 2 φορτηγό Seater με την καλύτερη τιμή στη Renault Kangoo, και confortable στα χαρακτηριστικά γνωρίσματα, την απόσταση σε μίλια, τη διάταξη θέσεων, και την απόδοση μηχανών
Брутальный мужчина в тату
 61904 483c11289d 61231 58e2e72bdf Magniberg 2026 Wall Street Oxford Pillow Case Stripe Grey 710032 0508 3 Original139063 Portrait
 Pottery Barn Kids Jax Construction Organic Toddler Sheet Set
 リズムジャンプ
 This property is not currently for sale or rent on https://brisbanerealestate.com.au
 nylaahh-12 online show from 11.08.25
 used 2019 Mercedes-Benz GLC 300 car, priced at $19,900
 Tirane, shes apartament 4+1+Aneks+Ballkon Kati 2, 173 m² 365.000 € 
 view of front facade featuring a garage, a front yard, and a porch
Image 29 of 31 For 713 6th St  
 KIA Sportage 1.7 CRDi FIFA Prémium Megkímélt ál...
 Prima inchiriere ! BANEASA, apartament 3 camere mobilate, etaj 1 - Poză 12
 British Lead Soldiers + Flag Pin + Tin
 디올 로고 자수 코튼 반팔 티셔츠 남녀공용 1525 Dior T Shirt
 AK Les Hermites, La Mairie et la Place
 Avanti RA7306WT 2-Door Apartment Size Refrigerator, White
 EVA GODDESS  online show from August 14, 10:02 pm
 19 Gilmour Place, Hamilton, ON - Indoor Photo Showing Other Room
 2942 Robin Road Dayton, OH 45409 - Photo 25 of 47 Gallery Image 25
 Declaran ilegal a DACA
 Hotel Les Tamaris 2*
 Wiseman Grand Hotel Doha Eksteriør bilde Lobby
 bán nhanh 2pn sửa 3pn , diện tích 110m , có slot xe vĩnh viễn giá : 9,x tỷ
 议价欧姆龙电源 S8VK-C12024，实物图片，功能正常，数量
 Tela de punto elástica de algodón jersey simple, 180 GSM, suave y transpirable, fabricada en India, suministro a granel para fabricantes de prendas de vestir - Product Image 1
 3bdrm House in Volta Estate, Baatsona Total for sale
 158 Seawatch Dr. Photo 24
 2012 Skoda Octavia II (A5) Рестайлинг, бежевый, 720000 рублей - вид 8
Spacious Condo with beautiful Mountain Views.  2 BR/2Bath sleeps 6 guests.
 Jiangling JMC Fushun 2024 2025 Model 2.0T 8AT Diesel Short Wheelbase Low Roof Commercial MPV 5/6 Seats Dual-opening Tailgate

________________________________________

**Aim of the task**
Extract exactly and only the lines above from the line containing "Prima inchiriere !" through the line containing "Tela de punto", both end lines included.

**Solution below**
 Prima inchiriere ! BANEASA, apartament 3 camere mobilate, etaj 1 - Poză 12
 British Lead Soldiers + Flag Pin + Tin
 디올 로고 자수 코튼 반팔 티셔츠 남녀공용 1525 Dior T Shirt
 AK Les Hermites, La Mairie et la Place
 Avanti RA7306WT 2-Door Apartment Size Refrigerator, White
 EVA GODDESS  online show from August 14, 10:02 pm
 19 Gilmour Place, Hamilton, ON - Indoor Photo Showing Other Room
 2942 Robin Road Dayton, OH 45409 - Photo 25 of 47 Gallery Image 25
 Declaran ilegal a DACA
 Hotel Les Tamaris 2*
 Wiseman Grand Hotel Doha Eksteriør bilde Lobby
 bán nhanh 2pn sửa 3pn , diện tích 110m , có slot xe vĩnh viễn giá : 9,x tỷ
 议价欧姆龙电源 S8VK-C12024，实物图片，功能正常，数量
 Tela de punto elástica de algodón jersey simple, 180 GSM, suave y transpirable, fabricada en India, suministro a granel para fabricantes de prendas de vestir - Product Image 1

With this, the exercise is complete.